Utilize tools

Prev Next

Available in Classic and VPC

This section describes how to use various tools provided in the Explore menu. CLOVA Studio currently provides a batch creation tool and data expansion tool.

Instruction

The following models support batch creation tool and data expansion tool:

  • HCX-003, HCX-DASH-001 (including tuning models)

Data expansion

The data expansion tool allows you to expand the data sample you uploaded by any amount. When you upload a seed dataset, the language model analyzes the patterns in the seed dataset to generate as much similar data as you want.
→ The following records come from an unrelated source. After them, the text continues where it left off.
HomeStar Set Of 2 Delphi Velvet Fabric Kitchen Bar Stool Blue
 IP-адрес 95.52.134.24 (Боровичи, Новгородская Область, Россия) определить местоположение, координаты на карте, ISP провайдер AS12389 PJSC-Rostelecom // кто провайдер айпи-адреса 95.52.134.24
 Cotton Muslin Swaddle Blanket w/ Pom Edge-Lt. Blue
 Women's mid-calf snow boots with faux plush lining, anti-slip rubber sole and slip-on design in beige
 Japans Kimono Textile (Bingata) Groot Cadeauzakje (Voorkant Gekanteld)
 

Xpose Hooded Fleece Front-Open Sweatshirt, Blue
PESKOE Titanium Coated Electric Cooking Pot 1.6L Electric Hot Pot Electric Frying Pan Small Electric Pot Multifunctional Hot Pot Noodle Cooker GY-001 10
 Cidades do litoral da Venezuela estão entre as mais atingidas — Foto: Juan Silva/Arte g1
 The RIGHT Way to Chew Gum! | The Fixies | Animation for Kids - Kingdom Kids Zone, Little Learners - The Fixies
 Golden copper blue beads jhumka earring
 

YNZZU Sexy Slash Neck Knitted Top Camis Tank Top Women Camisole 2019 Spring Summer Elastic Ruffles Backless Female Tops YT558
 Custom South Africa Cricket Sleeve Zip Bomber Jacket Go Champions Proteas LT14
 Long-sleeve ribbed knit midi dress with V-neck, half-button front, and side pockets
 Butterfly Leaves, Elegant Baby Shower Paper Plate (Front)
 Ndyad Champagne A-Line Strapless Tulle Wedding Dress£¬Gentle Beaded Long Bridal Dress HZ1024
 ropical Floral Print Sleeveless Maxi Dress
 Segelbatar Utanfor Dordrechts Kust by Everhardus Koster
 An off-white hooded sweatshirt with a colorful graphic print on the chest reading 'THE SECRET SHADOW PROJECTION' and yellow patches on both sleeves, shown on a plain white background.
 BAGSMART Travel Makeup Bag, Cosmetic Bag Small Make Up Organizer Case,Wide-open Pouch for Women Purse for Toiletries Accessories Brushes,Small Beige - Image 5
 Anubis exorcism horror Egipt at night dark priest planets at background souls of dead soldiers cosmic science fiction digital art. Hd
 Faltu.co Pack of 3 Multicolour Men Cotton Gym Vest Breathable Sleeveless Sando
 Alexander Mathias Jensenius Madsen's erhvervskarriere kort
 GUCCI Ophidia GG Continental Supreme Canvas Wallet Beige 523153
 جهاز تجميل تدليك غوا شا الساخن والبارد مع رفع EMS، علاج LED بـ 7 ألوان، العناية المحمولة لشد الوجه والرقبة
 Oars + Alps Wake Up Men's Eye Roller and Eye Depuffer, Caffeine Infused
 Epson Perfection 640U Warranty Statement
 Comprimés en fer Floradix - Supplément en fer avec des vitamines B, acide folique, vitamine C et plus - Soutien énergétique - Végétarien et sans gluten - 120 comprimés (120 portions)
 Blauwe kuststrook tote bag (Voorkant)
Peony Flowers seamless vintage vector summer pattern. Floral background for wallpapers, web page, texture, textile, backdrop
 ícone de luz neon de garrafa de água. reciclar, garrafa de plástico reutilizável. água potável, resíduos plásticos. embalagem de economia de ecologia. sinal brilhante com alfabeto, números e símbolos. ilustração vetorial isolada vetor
To use the data expansion tool, follow these steps:

  1. From the NAVER Cloud Platform console, click i_menu > Services > AI Services > CLOVA Studio in order.
  2. Click my product > [Go to CLOVA Studio] button.
  3. Click the Explorer menu.
  4. On the Tool tab, click the [Start] button of Data expansion.
  5. Select a model, which is the default training model needed to expand the data you uploaded.
  6. After selecting a model, enter the number of rows of data you want to get.
    • You can enter a minimum of 20 rows and a maximum of 50,000 rows (rows = number of data).
    • Be sure to enter a value greater than the number of data written in the seed dataset you uploaded.
  7. Upload a seed dataset.
    • Analyze patterns in uploaded datasets and expand to similar types of datasets.
    • Only CSV and JSONL extensions are supported for seed data. Seed data set must be encoded in UTF-8 format.
    • Seed data must be uploaded in at least 10 rows, with no more than 1,000 characters per row, including spaces.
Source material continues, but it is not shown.